Protecting Yourself From Bad-Faith N12 Claims and T5 Applications
Almost every guide on this topic is written for tenants. This one is written for the honest landlord who has a genuine reason to use an N12 and does not want a defensible decision turned into a $35,000 problem.
An N12 lets you end a tenancy because you, a close family member, a caregiver, or a purchaser genuinely intends to move into the unit. It is a legitimate tool. The risk is not using it. The risk is using it without the evidence to prove your intent was real if the tenant later challenges you.
When a tenant believes an N12 was served in bad faith, they file a T5 application: a claim that the landlord gave a notice of termination in bad faith. The financial exposure is large, and the burden of showing genuine intent effectively lands on you.
This guide is the defensive playbook: what bad faith means, what the LTB examines on a T5, and exactly what to document before you serve so that an honest N12 stays honest in the eyes of the tribunal.
The exposure is not trivial
On a successful T5, the LTB can order a landlord to pay a tenant compensation of up to roughly $35,000, on top of the tenant's out-of-pocket and increased rent costs. Separately, a bad-faith eviction can attract a provincial offence fine of up to $50,000 for an individual. A single careless N12 can cost more than years of rent.
What Counts as a Bad-Faith N12
Bad faith is not about whether you were polite. It is about whether the stated reason for the eviction was the real reason. The two patterns the LTB sees most often are simple: the person who was supposed to move in never does, and the unit gets re-rented (often at a higher rent) shortly after the tenant leaves.
Ontario law builds in a rebuttable presumption of bad faith if you advertise, re-rent, demolish, or convert the unit within one year of the tenant leaving under an N12. If that happens, you are the one who has to explain it.
Evicting a tenant in order to re-rent at a higher price is not a permitted N12 reason and is treated as bad faith on its face. So is using personal use as a pretext to remove a tenant who complained or who you simply found difficult.
The T5 Application: What Triggers It and What the Tribunal Examines
A T5 is filed by a former tenant, generally within one year of moving out. It alleges the N12 was served in bad faith. Once filed, the LTB looks past the paperwork and at the conduct.
The tribunal typically examines:
- Did the named person actually move in, and how soon after the tenant left?
- How long did that person stay, and is there independent proof of occupation?
- Was the unit advertised, listed, or re-rented within a year?
- If re-rented, was the new rent higher than the displaced tenant's?
- Is there a credible, documented reason the occupancy needed to happen then?
- Was the N12 preceded by a dispute, complaint, or tenant LTB filing?
The pattern matters more than any single fact. Genuine intent that is well documented survives a T5. A thin file does not, even when the landlord was actually acting honestly.

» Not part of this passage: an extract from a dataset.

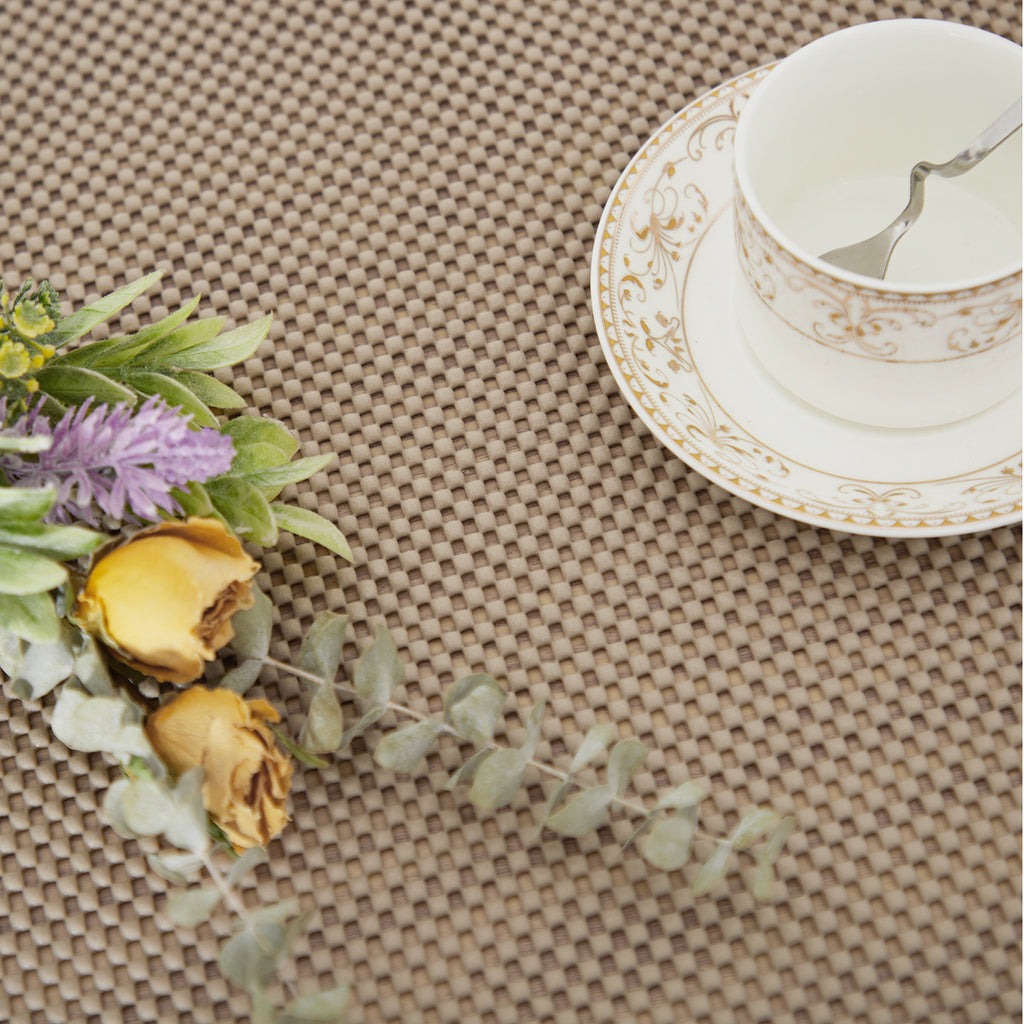 RAY STAR Premium Taupe Drawer and Shelf Liner, Strong Grip, Non Adhesive Easiest Install Mat, for Kitchen Cabinets, Drawers, Cupboards and Bathroom Shelves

How to Prove Genuine Intent
You will not be asked to prove intent on the day you serve the N12. You will be asked months later, on a T5, when memory is no defence. Build the file now.
Mortgage and financing documents
If the move-in is tied to a financing change (refinancing, a relative buying you out, an assumption), keep the paper trail. It establishes that the stated reason is grounded in a real transaction, not a pretext.
Mail forwarding and address change
A Canada Post mail forwarding request, updated driver licence, and updated CRA address all corroborate that the occupant genuinely relocated into the unit. These are independent records you do not control.
Utility transfer
Hydro, gas, water, and internet accounts opened in the incoming occupant's name, dated within a reasonable window of the move-in. The LTB treats utility transfers as strong objective evidence of actual occupation.
Sworn declaration and witness testimony
An N12 must be accompanied by the required affidavit or declaration of intent. Witnesses (a spouse, a contractor, a neighbour) who can confirm the occupant actually moved in carry weight if a T5 is later filed.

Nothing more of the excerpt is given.